E’ premesso tutto ciò, che all’uscita del settimo numero di ACHAB, si da spazio e voce ad un evento, Venerdi 7 aprile alla Casina Pompeiana, in Villa Comunale, Napoli, per presentare coralmente IL RACCONTO DEL SUD: Che cos’è il Sud? Esiste davvero? Cosa significa produrre arte avendo l’anima a Sud? Dal meridione d’Italia all’India, passando per i testi letterari più importanti, narratori, critici, poeti, registi, fotografi, disegnatori, sceneggiatori, attori, musicisti, giornalisti si sono espressi su questa categoria, che prima ancora che geografica si dimostra filosofica e spirituale. Ne è venuto fuori un racconto corale che sprigiona suggestioni visioni profumi, e che invita il lettore a una riflessione critica profonda e articolata. Ne parleranno Nando Vitali, Silvio Perrella, Francesco De Core e Tjuna Notarbartolo e si ascolteranno le Letture di Peppe Celentano e Gabriella Cerino oltre all’intervento musicale dell’Orchestra amatoriale “Scarlatti per tutti” che eseguirà brani di Emanuele Gianturco, Gioachino Rossini, Bruno Persico, Domenico Brasiello.

“Perché il sud ha sempre avuto a che fare con il calore.
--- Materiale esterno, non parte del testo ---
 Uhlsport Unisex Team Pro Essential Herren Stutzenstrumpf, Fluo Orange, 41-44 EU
È quello, il metro per stabilire in quali coordinate del mondo o dell’anima ci si trovi.  

E’ Terra dove finisce la terra e comincia il mare.

Non è segnata in nessuna carta: i luoghi veri non lo sono mai”– di Annavera Viva, estratto da ACHAB, 7° numero.
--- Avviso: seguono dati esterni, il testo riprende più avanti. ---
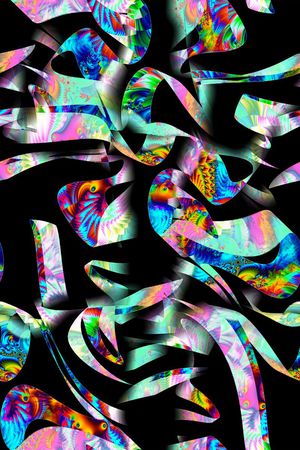 女装印花华亿平台图片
La scrittrice Annavera Viva è nata a Galatina (Lecce) ma vive a Napoli dal 1982. E’ autrice di numerosi racconti, molti dei quali finalisti in premi letterari nazionali ed internazionali. Tra questi Un alto concetto di dignità, pubblicato nella raccolta Iter fati (Editore Eris, Torino), per il quale ha ricevuto la menzione speciale della giuria nell’ambito del premio letterario “Racconti Corsari” (2013). Con Questioni di sangue (Homo Scrivens 2014), romanzo nel quale compaiono per la prima volta Raffaele e Peppino, i due fratelli separati alla nascita e destinati a percorrere strade opposte, ha riscosso un enorme successo di pubblico e di critica. Chimere (Homo Scrivens 2016) segue il primo giallo, fa parte di Dieci, sezione di narrativa italiana di Homo Scrivens. Dieci volumi ogni anno, con le prime cinquanta copie numerate a mano.